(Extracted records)
• • •

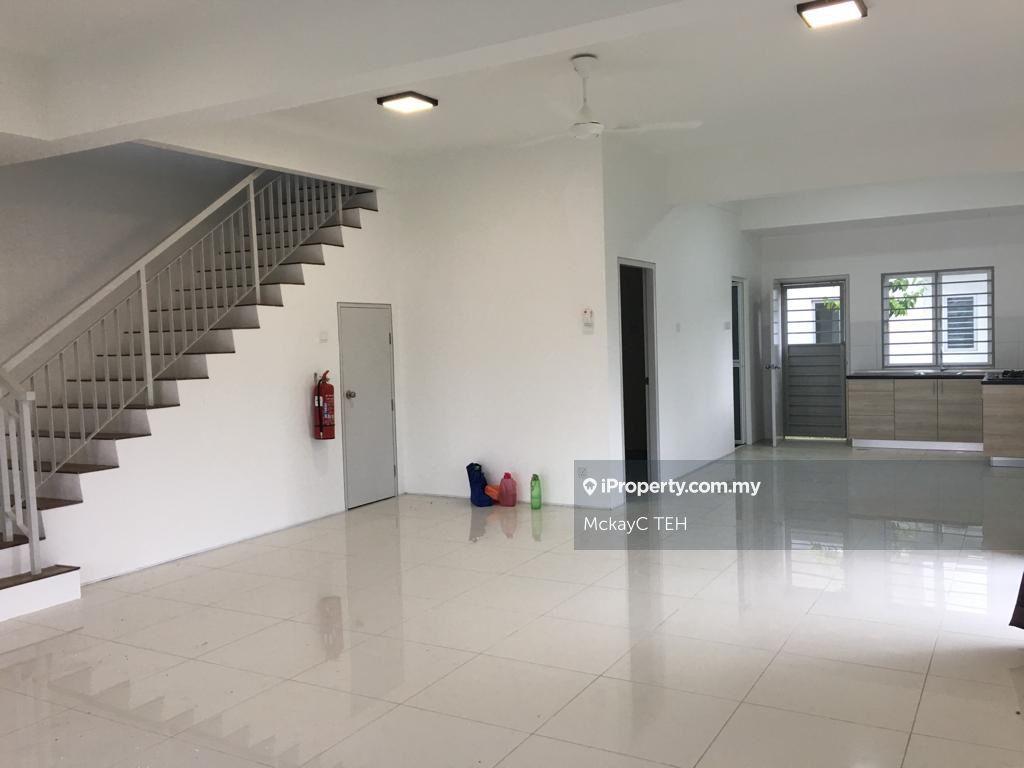 Casa green cybersouth dengkil house for rent 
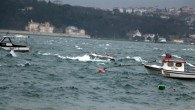 İstanbul’da sabah saatlerinde başlayan lodos, etkisini arttırarak devam ediyor. Anadolu yakasında Beykoz Yalıköy sahilinde kuvvetli lodos nedeniyle oluşan dalgalar kıyıları dövdü. Beykoz’da lodos nedeniyle kıyıya bağlı bulunan 9 metrelik gezi teknesi battı. Gökhan Akgün’e ait “Lobster” tipi 9 metrelik tekne […]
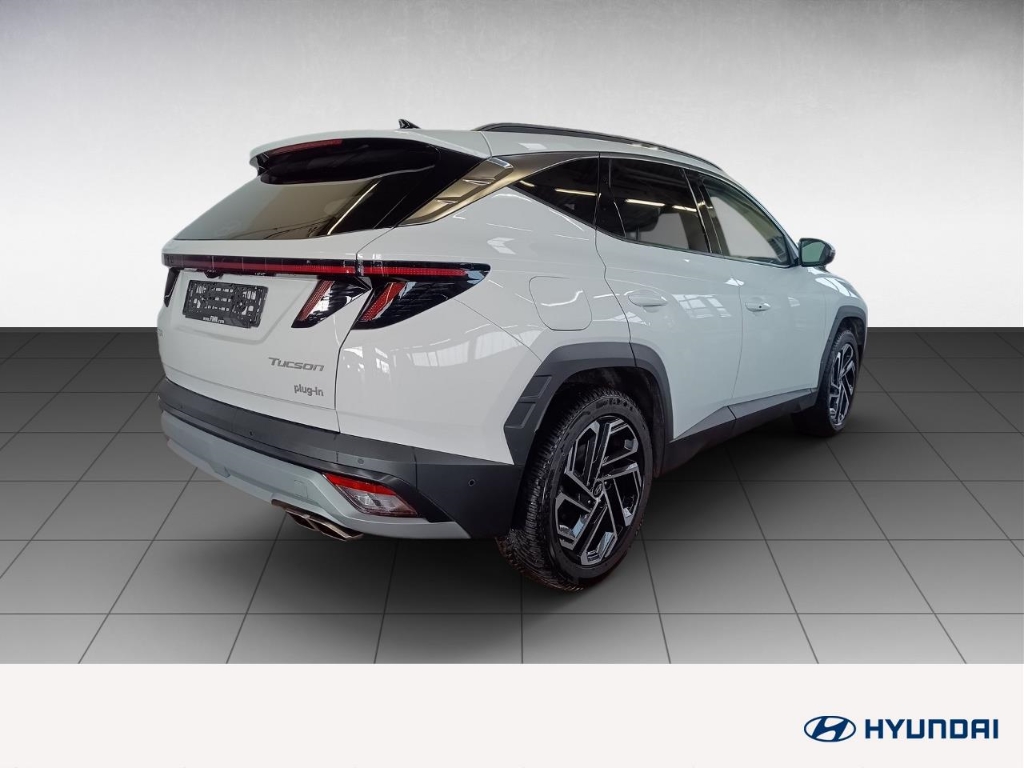 Fahrzeugabbildung Hyundai TUCSON FL PHEV 1.6 AT 4WD MY25 Prime ECS Assist-P MATRIX-LED Leder Digitales Cockpit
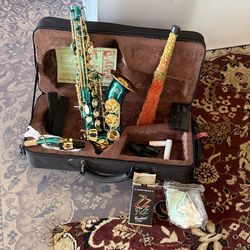 Alto saxophone 🎷. New. For. 10 years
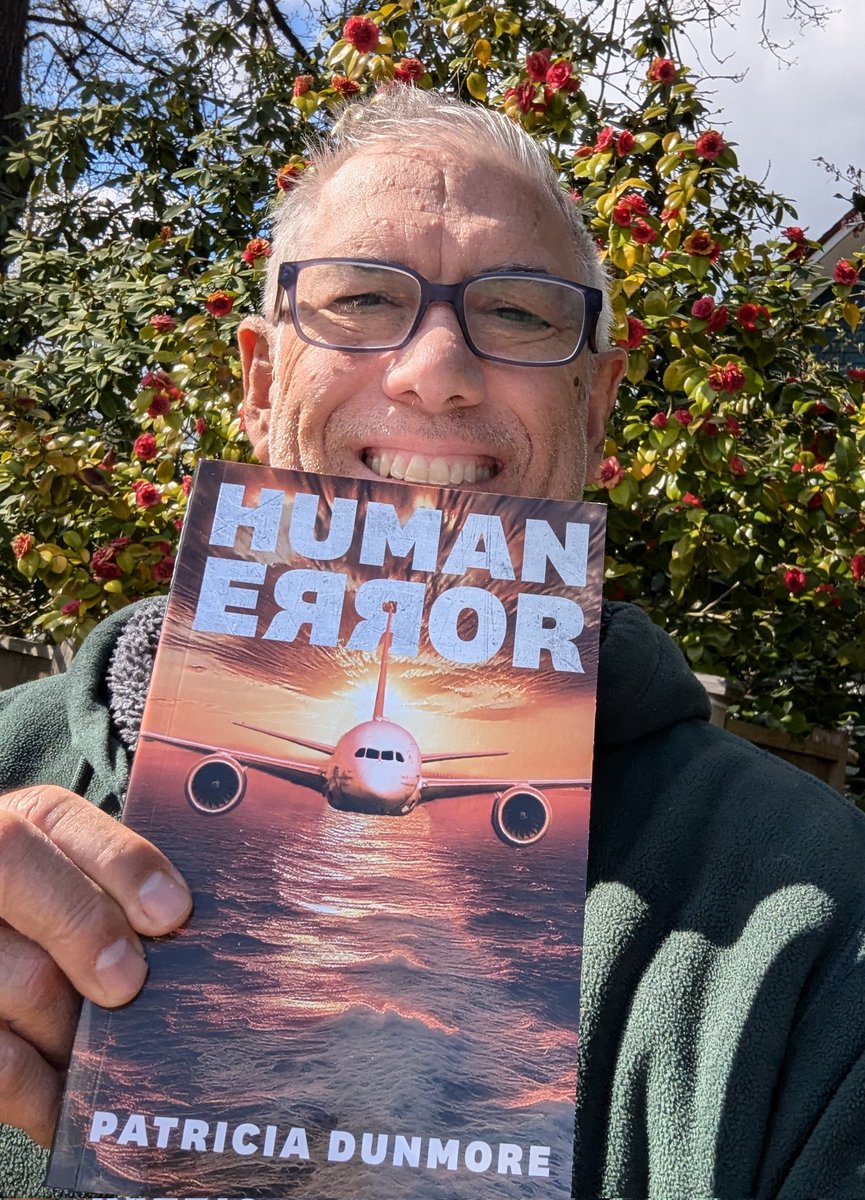 gearsgeary's tweet image. Rapt to get Patricia Dunmore's new #thriller HUMAN ERROR (@upstartpressnz). I read an earlier version &amp;amp; it's a cracker. The perfect airport novel 😃 Also thanks to Pat for leading the awesome #friendlyfeilding Writers Group, which is fun to join in with Mum when I'm back home ❤️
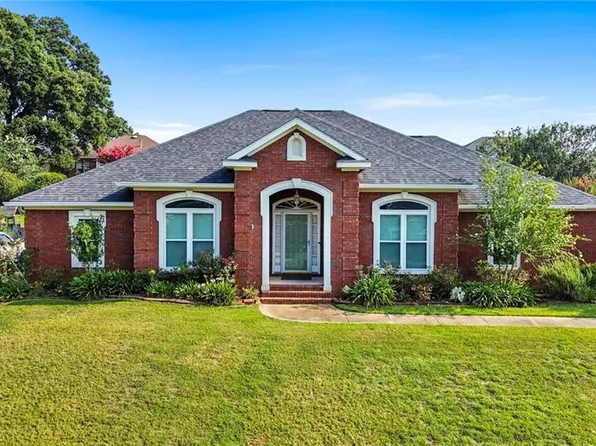 9670 Nottingham Ct, Mobile, AL 36695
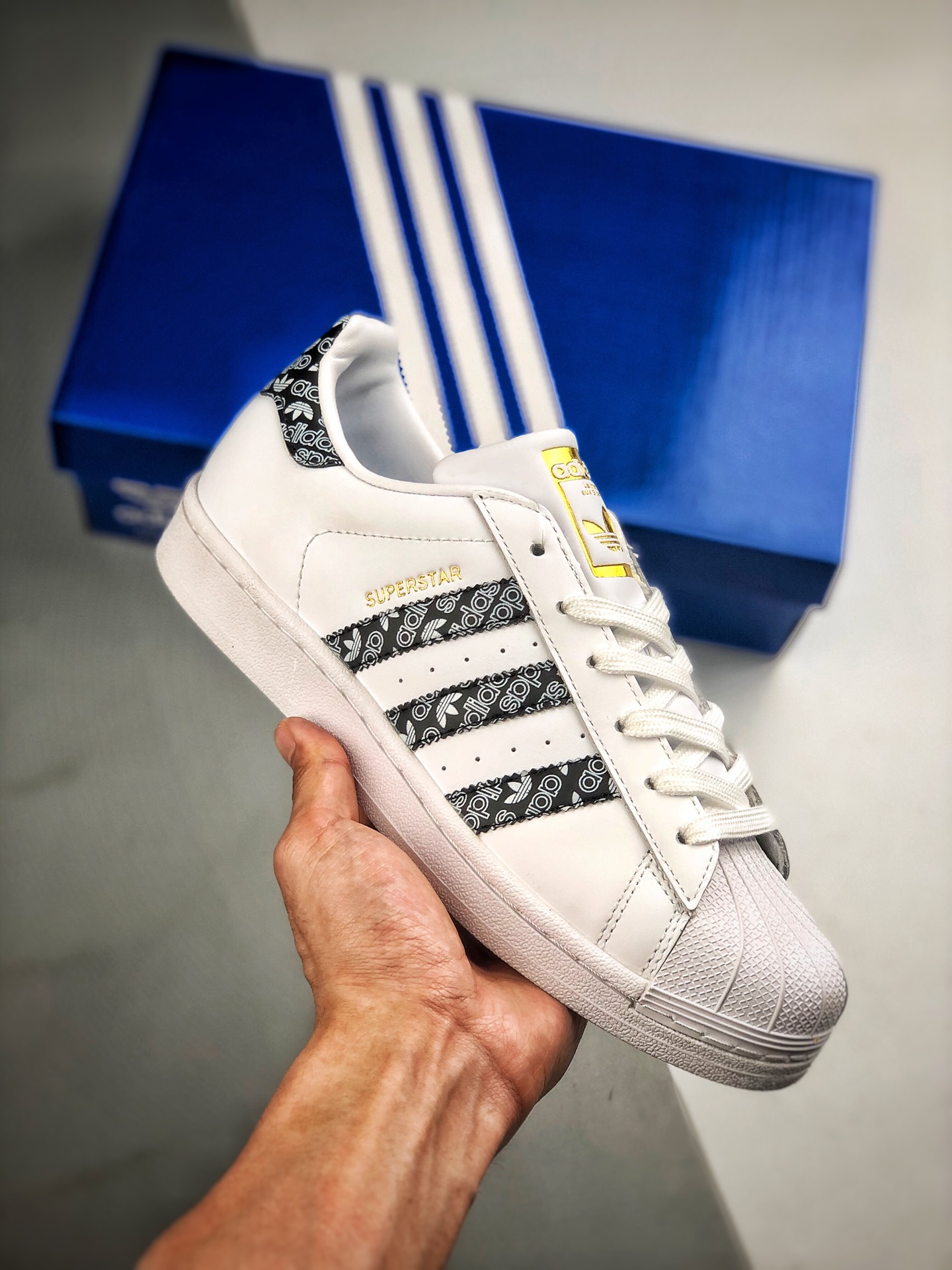 150 Adidas Originals SUPERSTAR W 贝壳头官网同步 黑白LOGO金标 渠道正品订单货号：EF1480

• • •

_WHAT TO DO_
Output every record above word for word, omitting any pictures they contain.

_EXERCISE OUTPUT_
 Casa green cybersouth dengkil house for rent 
 İstanbul’da sabah saatlerinde başlayan lodos, etkisini arttırarak devam ediyor. Anadolu yakasında Beykoz Yalıköy sahilinde kuvvetli lodos nedeniyle oluşan dalgalar kıyıları dövdü. Beykoz’da lodos nedeniyle kıyıya bağlı bulunan 9 metrelik gezi teknesi battı. Gökhan Akgün’e ait “Lobster” tipi 9 metrelik tekne […]
 Fahrzeugabbildung Hyundai TUCSON FL PHEV 1.6 AT 4WD MY25 Prime ECS Assist-P MATRIX-LED Leder Digitales Cockpit
 Alto saxophone 🎷. New. For. 10 years
 gearsgeary's tweet image. Rapt to get Patricia Dunmore's new #thriller HUMAN ERROR (@upstartpressnz). I read an earlier version &amp;amp; it's a cracker. The perfect airport novel 😃 Also thanks to Pat for leading the awesome #friendlyfeilding Writers Group, which is fun to join in with Mum when I'm back home ❤️
 9670 Nottingham Ct, Mobile, AL 36695
 150 Adidas Originals SUPERSTAR W 贝壳头官网同步 黑白LOGO金标 渠道正品订单货号：EF1480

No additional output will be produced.